Les pieds nus en hiver Posted on February 10, 20191 Comment

Je fais ça tous les soirs avant de m’endormir. C’est peut-être même ce qui m’aide à dormir. C’est la dernière chose que je fais avant de basculer dans le sommeil comme un plongeur du boudin d’un Zodiak. Je nous imagine, Manon et moi, dans un futur chez-nous. Je me souviens de Hook et de la Fée Clochette conseillant à Peter Pan d’avoir une pensée agréable pour enfin réussir à voler de nouveau. C’est un peu la même chose et je ne l’ai pas décidé. Mais j’y reviens presque systématiquement.

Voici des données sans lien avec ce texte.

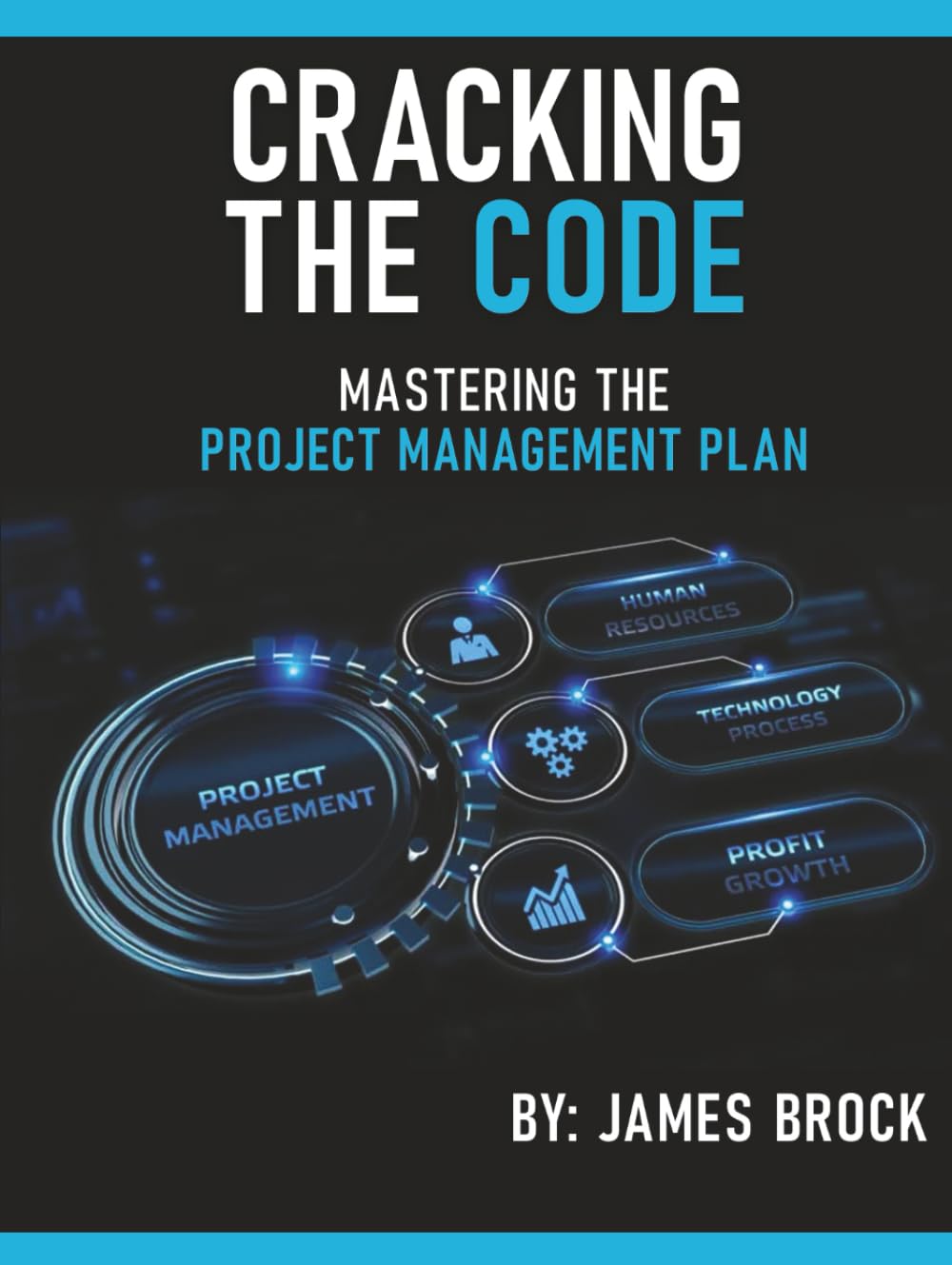 Cracking The Code: Mastering the Project Management Plan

On vit dans un studio à deux et l’on s’y sent bien. C’est probablement parce qu’on s’aime et parce que dans l’adversité, les liens humains, le lien d’amour en premier lieu, cassent ou se renforcent. Pour nous, il se renforce. Ça nous cimente l’un à l’autre. Mais on ne va pas se mentir, on aimerait quand même bouger. Ce n’est pas infaisable. On cherche d’ailleurs, un peu sans chercher. Et puis, un jour, on trouvera une annonce qui nous plaira et on déménagera. Sans passer par une agence, plus jamais. Quand je vois écrit en avertissement à la fin d’une annonce sur PAP « Agences s’abstenir », je jubile. Ces gens sont propriétaires, mais ils sont de mon côté.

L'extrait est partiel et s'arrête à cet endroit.